Start of Data for analysis

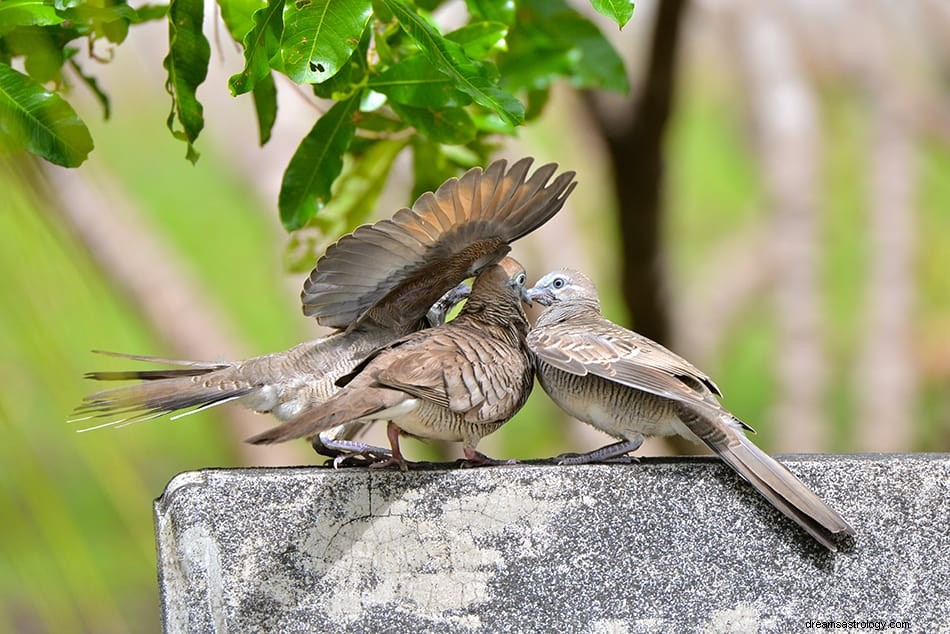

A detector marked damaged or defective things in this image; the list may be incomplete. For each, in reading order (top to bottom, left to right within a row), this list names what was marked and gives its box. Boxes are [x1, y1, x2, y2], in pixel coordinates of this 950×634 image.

cracked concrete [154, 454, 950, 632]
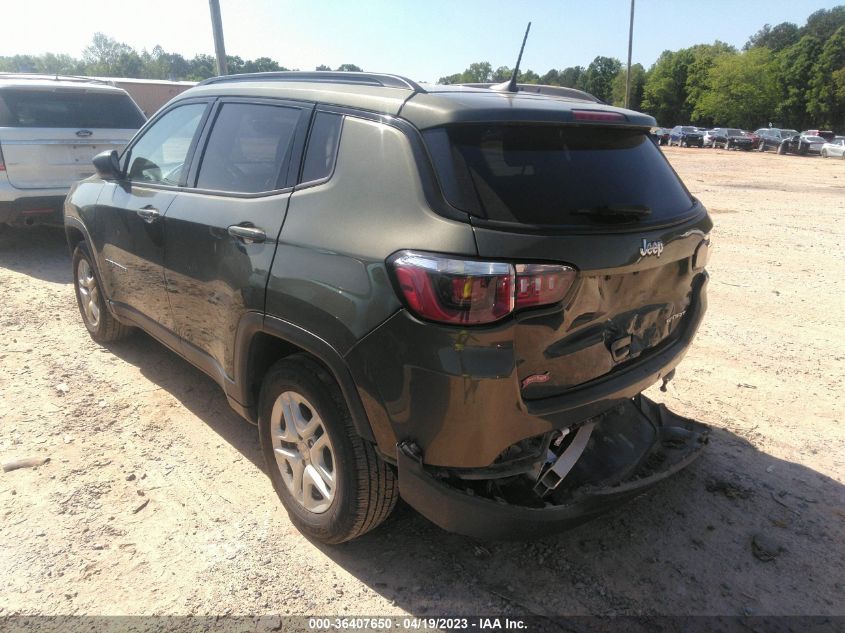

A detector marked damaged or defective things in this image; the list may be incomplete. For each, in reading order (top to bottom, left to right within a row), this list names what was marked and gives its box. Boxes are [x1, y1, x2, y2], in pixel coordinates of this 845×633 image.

damaged tail light lens [390, 249, 572, 324]
damaged rear bumper [396, 396, 704, 540]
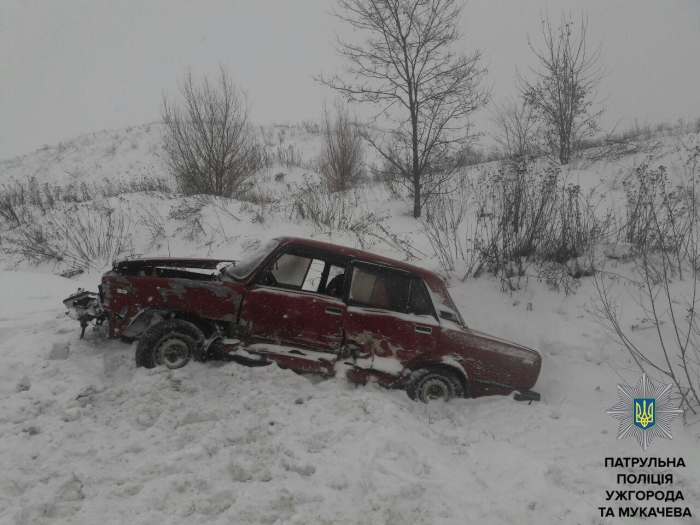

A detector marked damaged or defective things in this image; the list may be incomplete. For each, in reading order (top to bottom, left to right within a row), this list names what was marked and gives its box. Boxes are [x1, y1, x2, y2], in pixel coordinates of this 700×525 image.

damaged door [239, 245, 350, 372]
wrecked red car [64, 236, 540, 402]
damaged door [344, 264, 438, 378]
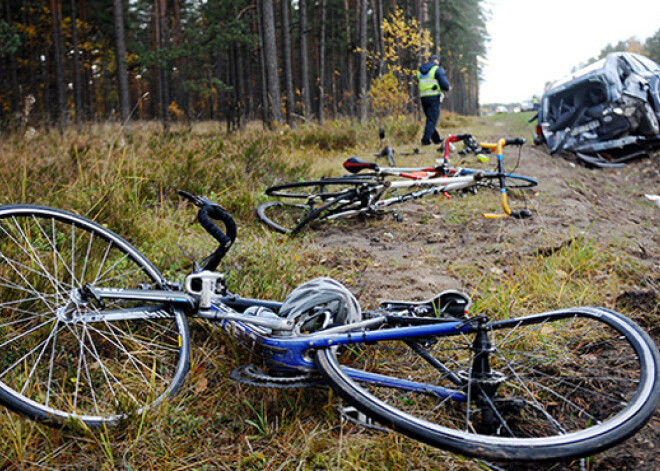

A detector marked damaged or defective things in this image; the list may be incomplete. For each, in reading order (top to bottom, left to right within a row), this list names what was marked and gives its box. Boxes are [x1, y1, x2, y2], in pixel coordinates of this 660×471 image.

crumpled car [532, 53, 656, 168]
damaged vehicle [532, 52, 660, 167]
crashed blue bicycle [0, 194, 656, 462]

End of Data for analysis

→ **Instructions for the task**
Repeat word for word each line from the one with "this 660×471 image." to the end of the records above, inclusive.

→ **Solution below**
A detector marked damaged or defective things in this image; the list may be incomplete. For each, in reading order (top to bottom, left to right within a row), this list names what was marked and gives its box. Boxes are [x1, y1, x2, y2], in pixel coordinates of this 660×471 image.

crumpled car [532, 53, 656, 168]
damaged vehicle [532, 52, 660, 167]
crashed blue bicycle [0, 194, 656, 462]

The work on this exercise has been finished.